レンタカーを利用した。日程は授業期間中が週末利用の1泊2日、長期休暇中は3泊4日や2泊3日とし、参加費は一人3000円。
大島でがれき撤去をしている(2011年8月)
現地では、がれきの撤去、牡蠣や帆立の養殖の手伝いといった島民の要望を聞きながらの行動となる。子供を対象とした学習支援は2012年夏から始め、2013 年には特産「椿」栽培の手伝いをした。
「大島の人たちは心が温かい。学生が島を離れるとき、フェリー港まで見送りに来てくれる。数日間とはいえ、学生が変わっていくのが分かりましたね」
秋から冬にかけてはボランティアが減っていく。支援活動を途切れさせてはいけないと考える安原さんに、参加者が新たな参加希望者を紹介してくれた。
白門祭のころ、中古車を買った。7人乗りのミニバンだ。12月まで実施した4回のクルーで、活動費(レンタカー代、高速代、ガソリン代)に20万円の赤字が出ていた。第4回はミニバンにレンタカーが加わって総勢1 2 人となっていた。
「学生からあまり高くとってはいけないと思っていましたが、4回の参加費が総額5万円ほどで交通費が25万円…」
金銭面の負担のほか、一人でできることに限界を感じつつあった。参加者への呼びかけにチラシを300枚作り、総合政策学部の周辺で配った。参加者への説明会、現地の最新情報を把握してホームページを更新する、ブログやTwitter(短文投稿サイト)も書いた。
孤軍奮闘する安原さんはひげが伸び放題だった。
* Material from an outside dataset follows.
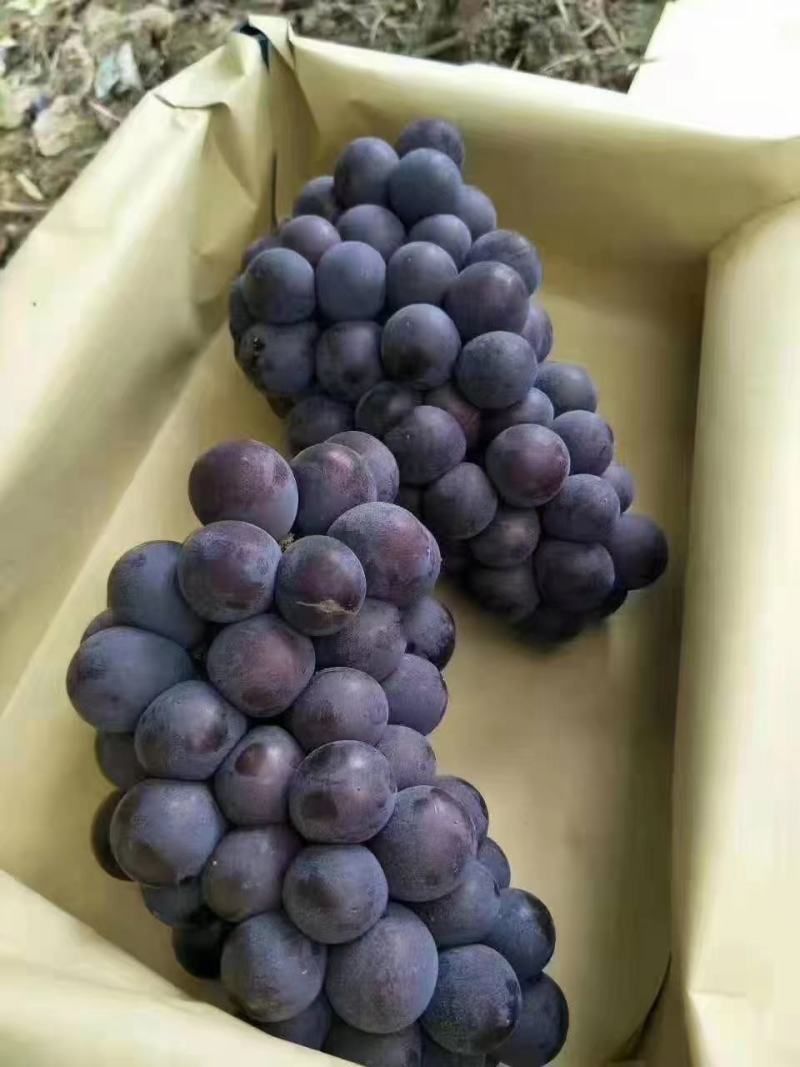 葡萄包装规格尺寸齐全河北厂家直发量大从优欢迎老板电话联系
風貌が漫画『ルパン三世』の登場人物で、あごひげを蓄えた男『次元大介』に似ていることから次元と呼ばれ、その集まりをチーム次元と命名した。参加者は中大に限らず、創価大、早大、東京経済大、神田外語大など広がりを見せている。
週末や夏休み、春休みを利用した参加者は100人を超えた。大島と学生の結び付きは深まり、活動内容も評価され、電通育英会や住友商事などから支援を受けるまでになった。
「僕は協調性とか団体行動が苦手で、一人で行動してきました。大島の人たちと触れ合って、人のよさにじーんときて、綺麗な風景もあって、ボランティア志望の学生を連れていきたいと思う気持ちから始まったのが、確立されてきました」
宮城県大島への気持ちを持ちながら、安原さんはいま、東南アジアのタイ北部へ目を向けている。貧困層の子供たちを人身売買から保護するNGO(非政府組織)でボランティア活動をするためだ。